- [PROBLEM DETAILS]:
If an entry holds a picture, drop the picture and restate the rest word for word.

- [INFORMATION SUPPLIED]:
+ + + +

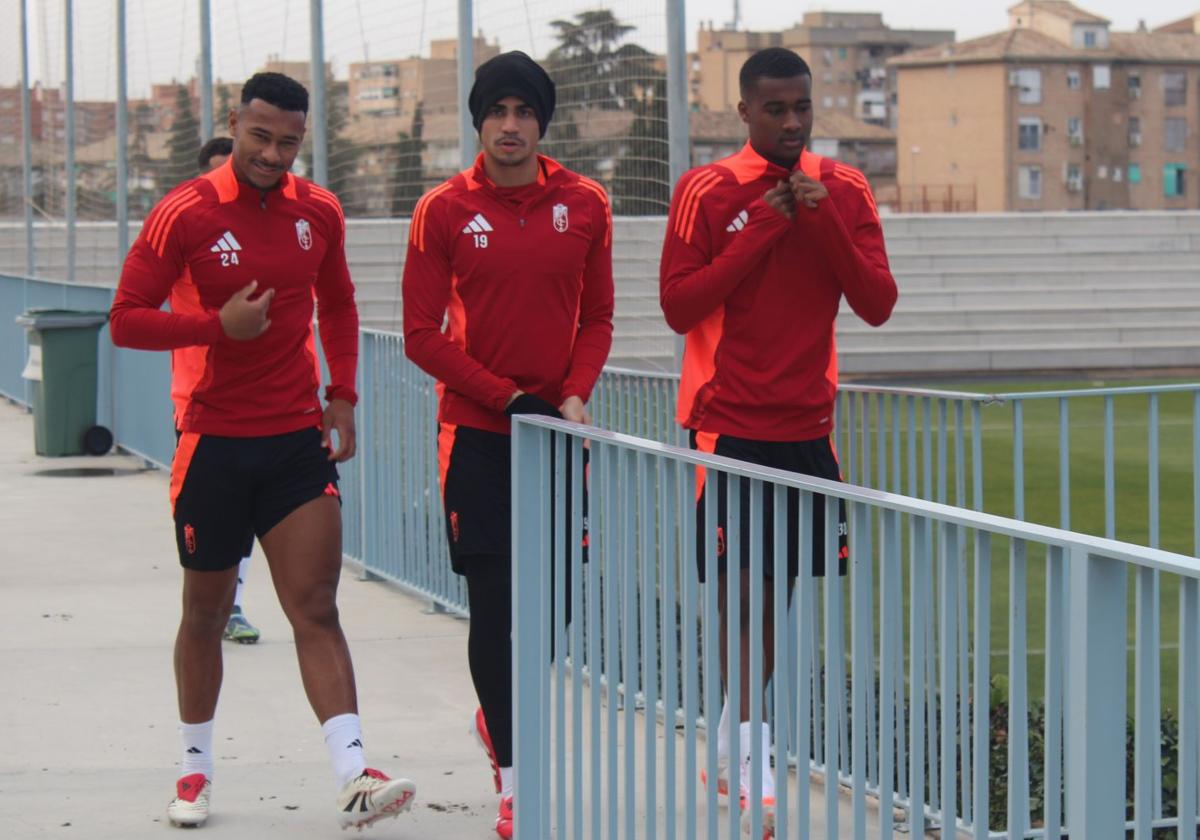 Siren Diao, a la derecha, sale al entrenamiento junto a sus amigos Loïc Williams y Reinier.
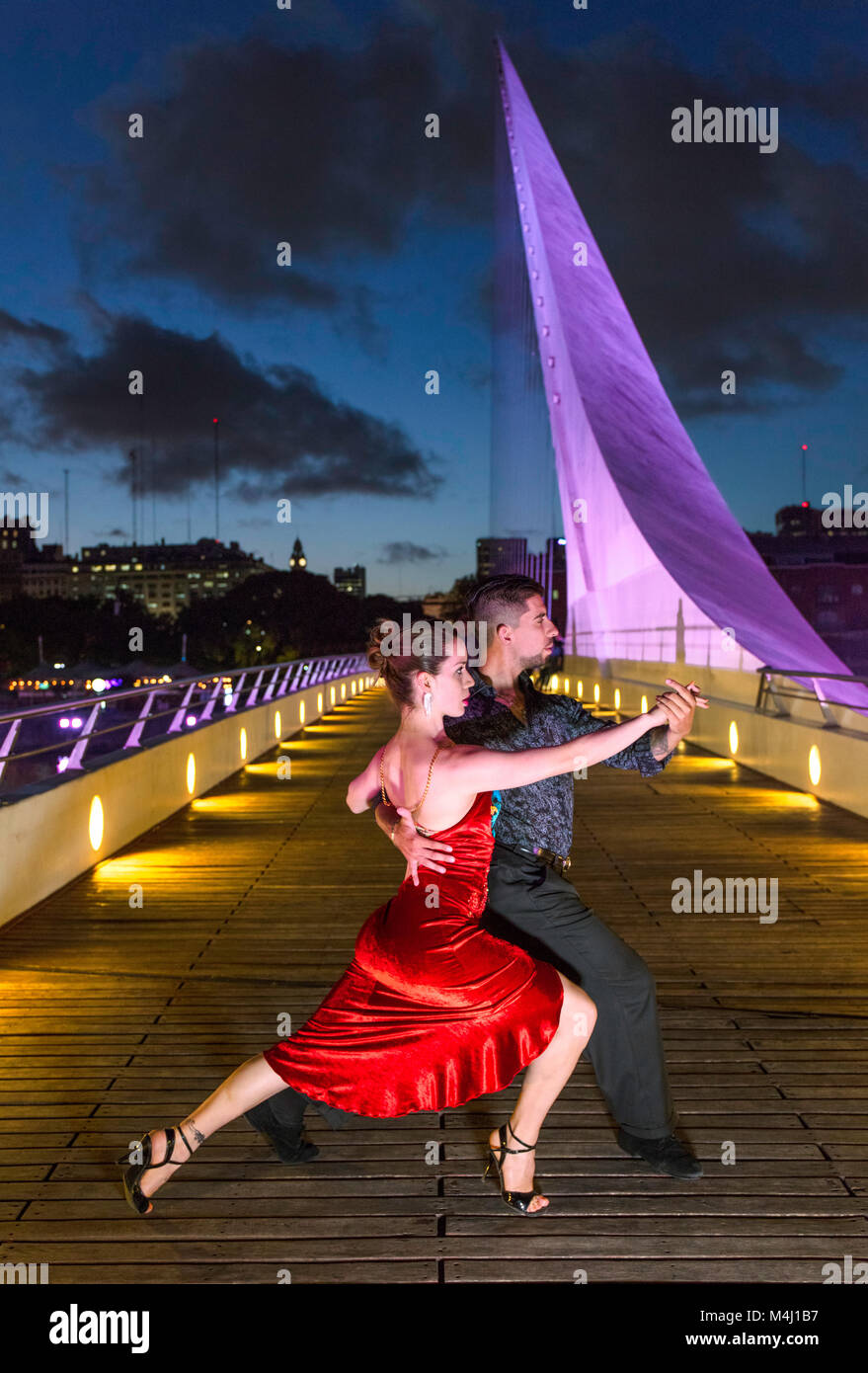 Ein paar Tango tanzen auf der 'Puente de La Mujer" in der Dämmerung. Puerto Madero, Buenos Aires, Argentinien. Stockfoto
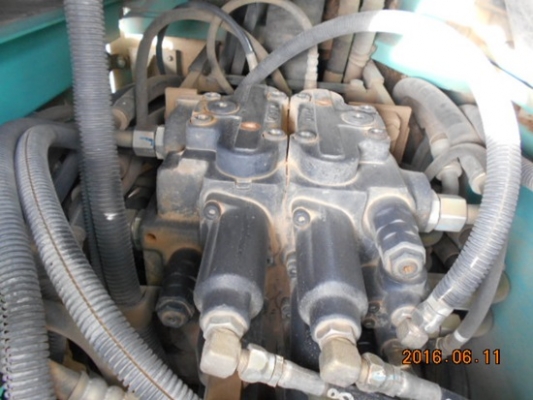 ขายรถขุดเก่าญี่ปุ่นนอกแท้ๆ kobelco sk 135 yy04 สนใจโทร 092-3309229 อี๊ด สองห้อง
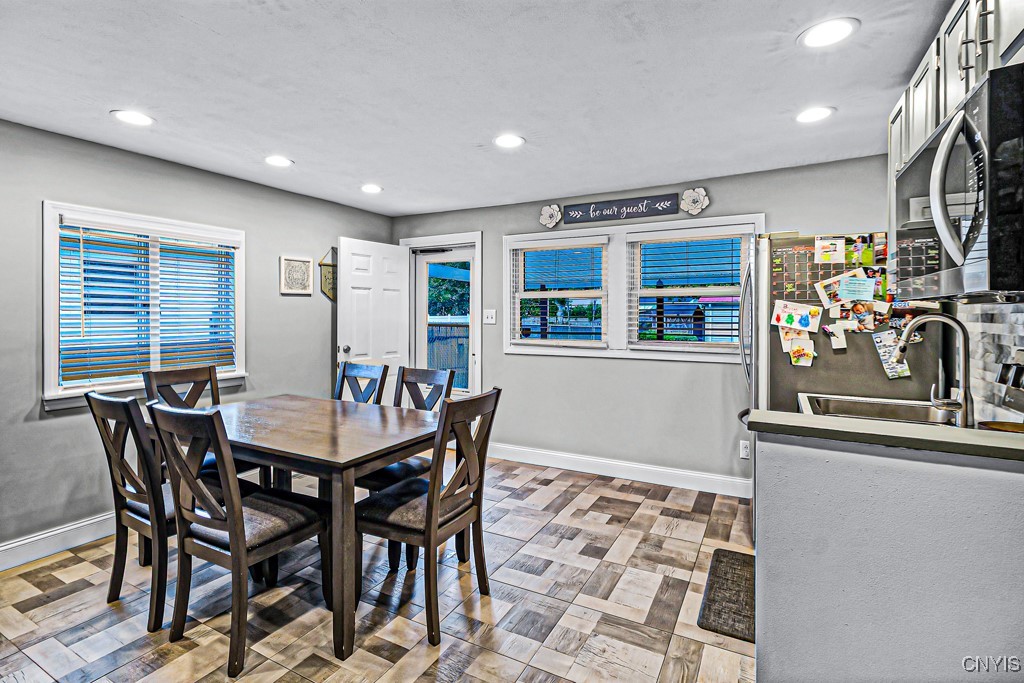 459 Euclid Road Utica, NY 13502 - Photo 3 of 29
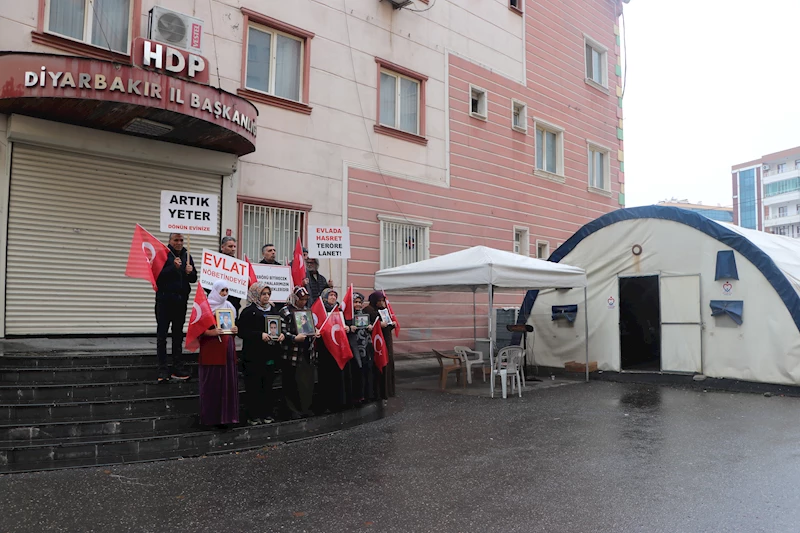 Dağa kaçırılan oğlu için nöbet tutan anne: Ciğerimi benden söküp götürdüler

+ + + +

- [ANSWER TO THIS TASK]:
 Siren Diao, a la derecha, sale al entrenamiento junto a sus amigos Loïc Williams y Reinier.
 Ein paar Tango tanzen auf der 'Puente de La Mujer" in der Dämmerung. Puerto Madero, Buenos Aires, Argentinien. Stockfoto
 ขายรถขุดเก่าญี่ปุ่นนอกแท้ๆ kobelco sk 135 yy04 สนใจโทร 092-3309229 อี๊ด สองห้อง
 459 Euclid Road Utica, NY 13502 - Photo 3 of 29
 Dağa kaçırılan oğlu için nöbet tutan anne: Ciğerimi benden söküp götürdüler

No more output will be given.